COINTELPRO tactics of the Boston FBI included widespread spying on campuses and dirty tricks in the black community – BY MICHAEL RICHARDSON
Operation COINTELPRO was an illegal and clandestine war conducted secretly by agents of the Federal Bureau of Investigation against domestic political activists in the 1960’s and 1970’s. Larger than the Watergate operation that sunk Richard Nixon’s presidency, COINTELPRO was created by FBI director J. Edgar Hoover.
COINTELPRO was a ‘no holds barred’ operation that focused on results and secrecy, illegality was of no concern to the FBI plotters so long as Hoover approved. Hundreds of organizations and thousands of individuals were targeted for improper snooping, harassment and other dirty tricks designed to ‘disrupt’ the activists.

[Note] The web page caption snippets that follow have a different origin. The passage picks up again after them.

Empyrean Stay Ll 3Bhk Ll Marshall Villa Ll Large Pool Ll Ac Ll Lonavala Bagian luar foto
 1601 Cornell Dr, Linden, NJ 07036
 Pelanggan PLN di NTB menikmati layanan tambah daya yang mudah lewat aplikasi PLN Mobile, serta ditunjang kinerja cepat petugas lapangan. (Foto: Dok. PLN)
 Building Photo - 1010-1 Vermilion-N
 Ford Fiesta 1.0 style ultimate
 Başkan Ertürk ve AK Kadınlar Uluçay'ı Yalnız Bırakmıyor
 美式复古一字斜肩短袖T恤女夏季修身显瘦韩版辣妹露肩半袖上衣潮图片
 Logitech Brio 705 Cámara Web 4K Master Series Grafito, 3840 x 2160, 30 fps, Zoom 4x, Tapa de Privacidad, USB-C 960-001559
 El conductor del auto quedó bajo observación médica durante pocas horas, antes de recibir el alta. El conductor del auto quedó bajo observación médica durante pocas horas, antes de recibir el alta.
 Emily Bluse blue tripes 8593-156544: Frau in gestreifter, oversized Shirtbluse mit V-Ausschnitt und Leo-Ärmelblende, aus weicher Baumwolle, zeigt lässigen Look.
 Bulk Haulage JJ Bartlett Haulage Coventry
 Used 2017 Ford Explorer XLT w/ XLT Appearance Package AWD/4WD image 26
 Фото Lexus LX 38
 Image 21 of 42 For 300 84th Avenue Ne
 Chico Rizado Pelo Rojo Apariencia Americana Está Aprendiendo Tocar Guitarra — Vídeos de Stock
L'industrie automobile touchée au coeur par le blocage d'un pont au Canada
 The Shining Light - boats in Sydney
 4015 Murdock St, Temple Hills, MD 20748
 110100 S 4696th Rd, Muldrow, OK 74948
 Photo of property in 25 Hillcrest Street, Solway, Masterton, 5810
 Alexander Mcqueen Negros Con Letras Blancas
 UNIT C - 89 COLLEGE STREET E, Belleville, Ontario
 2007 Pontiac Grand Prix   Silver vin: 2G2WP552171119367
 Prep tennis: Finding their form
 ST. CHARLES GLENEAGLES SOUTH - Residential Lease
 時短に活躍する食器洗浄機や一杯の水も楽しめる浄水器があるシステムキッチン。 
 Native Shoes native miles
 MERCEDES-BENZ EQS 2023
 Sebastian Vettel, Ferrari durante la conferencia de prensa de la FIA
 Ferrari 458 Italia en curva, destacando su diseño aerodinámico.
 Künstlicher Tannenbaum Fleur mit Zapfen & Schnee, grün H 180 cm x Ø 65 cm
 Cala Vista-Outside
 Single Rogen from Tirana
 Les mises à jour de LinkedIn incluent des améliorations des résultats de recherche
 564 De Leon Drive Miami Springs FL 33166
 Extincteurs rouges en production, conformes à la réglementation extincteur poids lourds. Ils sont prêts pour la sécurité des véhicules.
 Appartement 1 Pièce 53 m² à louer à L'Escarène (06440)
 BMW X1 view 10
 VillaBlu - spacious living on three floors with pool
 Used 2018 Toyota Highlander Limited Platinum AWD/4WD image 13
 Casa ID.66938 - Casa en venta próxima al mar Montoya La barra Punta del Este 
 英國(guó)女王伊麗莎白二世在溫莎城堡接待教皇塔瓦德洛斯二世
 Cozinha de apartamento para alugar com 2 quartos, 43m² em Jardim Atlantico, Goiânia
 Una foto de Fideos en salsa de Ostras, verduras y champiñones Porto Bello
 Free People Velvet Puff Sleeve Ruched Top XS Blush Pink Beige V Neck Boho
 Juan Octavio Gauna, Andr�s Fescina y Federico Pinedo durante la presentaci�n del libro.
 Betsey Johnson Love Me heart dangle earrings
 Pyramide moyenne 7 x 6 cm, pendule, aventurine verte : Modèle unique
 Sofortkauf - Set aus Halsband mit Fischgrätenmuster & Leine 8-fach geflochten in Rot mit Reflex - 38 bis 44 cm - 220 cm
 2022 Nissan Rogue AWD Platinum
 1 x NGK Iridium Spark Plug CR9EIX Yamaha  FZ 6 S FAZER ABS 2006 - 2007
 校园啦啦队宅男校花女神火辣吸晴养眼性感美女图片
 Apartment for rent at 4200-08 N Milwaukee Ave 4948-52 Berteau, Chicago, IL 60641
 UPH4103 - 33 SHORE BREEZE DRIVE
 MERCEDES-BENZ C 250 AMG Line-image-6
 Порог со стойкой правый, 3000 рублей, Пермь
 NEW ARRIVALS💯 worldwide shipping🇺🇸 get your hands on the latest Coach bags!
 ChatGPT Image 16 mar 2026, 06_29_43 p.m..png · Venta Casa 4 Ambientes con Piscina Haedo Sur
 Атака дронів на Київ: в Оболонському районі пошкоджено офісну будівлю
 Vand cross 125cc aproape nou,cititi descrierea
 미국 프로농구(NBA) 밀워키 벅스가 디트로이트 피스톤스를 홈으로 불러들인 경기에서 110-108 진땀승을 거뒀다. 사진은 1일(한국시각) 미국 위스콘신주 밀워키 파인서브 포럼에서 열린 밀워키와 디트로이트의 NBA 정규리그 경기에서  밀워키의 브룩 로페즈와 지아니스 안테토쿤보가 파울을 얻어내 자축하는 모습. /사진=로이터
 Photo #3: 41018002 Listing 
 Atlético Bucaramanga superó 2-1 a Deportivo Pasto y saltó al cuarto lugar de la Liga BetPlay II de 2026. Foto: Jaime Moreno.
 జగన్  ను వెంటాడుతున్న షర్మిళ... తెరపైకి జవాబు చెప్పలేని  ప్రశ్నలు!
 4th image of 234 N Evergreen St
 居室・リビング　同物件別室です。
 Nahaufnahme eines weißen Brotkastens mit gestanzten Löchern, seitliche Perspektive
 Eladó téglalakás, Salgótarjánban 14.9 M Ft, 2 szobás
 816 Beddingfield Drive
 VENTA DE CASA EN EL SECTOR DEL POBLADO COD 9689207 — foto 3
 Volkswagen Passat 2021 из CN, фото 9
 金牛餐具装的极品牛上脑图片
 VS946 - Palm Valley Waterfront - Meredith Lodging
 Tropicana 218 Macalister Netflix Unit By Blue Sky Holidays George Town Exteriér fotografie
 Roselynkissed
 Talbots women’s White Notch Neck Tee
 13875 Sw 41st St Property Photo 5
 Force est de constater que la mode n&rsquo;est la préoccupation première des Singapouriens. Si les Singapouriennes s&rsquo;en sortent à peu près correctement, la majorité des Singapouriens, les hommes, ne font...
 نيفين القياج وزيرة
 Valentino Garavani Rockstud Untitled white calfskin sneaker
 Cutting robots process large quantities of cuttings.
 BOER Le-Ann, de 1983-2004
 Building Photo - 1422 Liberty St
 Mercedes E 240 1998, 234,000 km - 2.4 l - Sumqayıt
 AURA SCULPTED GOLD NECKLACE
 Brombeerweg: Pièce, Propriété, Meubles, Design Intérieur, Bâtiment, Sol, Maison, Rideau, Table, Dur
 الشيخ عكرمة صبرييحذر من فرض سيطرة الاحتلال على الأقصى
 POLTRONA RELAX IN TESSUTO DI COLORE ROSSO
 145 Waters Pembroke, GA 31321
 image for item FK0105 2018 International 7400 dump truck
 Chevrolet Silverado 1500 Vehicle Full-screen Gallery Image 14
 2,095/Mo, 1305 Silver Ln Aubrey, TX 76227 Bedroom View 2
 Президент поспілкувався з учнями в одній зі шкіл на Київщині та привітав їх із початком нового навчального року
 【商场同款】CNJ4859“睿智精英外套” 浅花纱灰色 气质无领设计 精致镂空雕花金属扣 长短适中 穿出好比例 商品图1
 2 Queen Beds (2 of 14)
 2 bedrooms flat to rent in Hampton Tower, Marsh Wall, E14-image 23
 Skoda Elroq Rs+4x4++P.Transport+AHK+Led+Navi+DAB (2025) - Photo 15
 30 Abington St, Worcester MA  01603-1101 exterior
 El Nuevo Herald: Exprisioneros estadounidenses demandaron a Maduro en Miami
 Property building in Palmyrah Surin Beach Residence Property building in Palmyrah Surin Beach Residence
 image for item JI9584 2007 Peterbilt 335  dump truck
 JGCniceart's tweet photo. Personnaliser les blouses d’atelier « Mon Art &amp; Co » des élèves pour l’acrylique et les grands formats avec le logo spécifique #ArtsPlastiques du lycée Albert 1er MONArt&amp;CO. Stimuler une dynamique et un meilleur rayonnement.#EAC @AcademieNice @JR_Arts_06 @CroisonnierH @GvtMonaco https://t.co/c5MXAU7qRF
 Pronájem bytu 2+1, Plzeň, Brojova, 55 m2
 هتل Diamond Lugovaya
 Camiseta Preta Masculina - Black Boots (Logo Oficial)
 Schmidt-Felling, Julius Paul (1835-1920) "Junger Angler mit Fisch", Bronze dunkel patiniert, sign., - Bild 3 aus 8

The Black Panther Party was targeted by Hoover for the most lethal ferocity of the hidden war and FBI agents planted evidence, withheld evidence and falsified evidence to obtain false convictions of Panther leaders. Gun battles and shootouts became the norm until the FBI initiated the Chicago Police Department to shoot-ins with the 1969 deaths of Fred Hampton and Mark Clark.
As an academic center Boston, with its many outstanding universities, kept agents busy spying on the ‘New Left’ and infiltrating local campuses with informants. The full scope of FBI misconduct under COINTELPRO will never be known. Bits and pieces of the secret operation have emerged in litigation and with Freedom of Information requests.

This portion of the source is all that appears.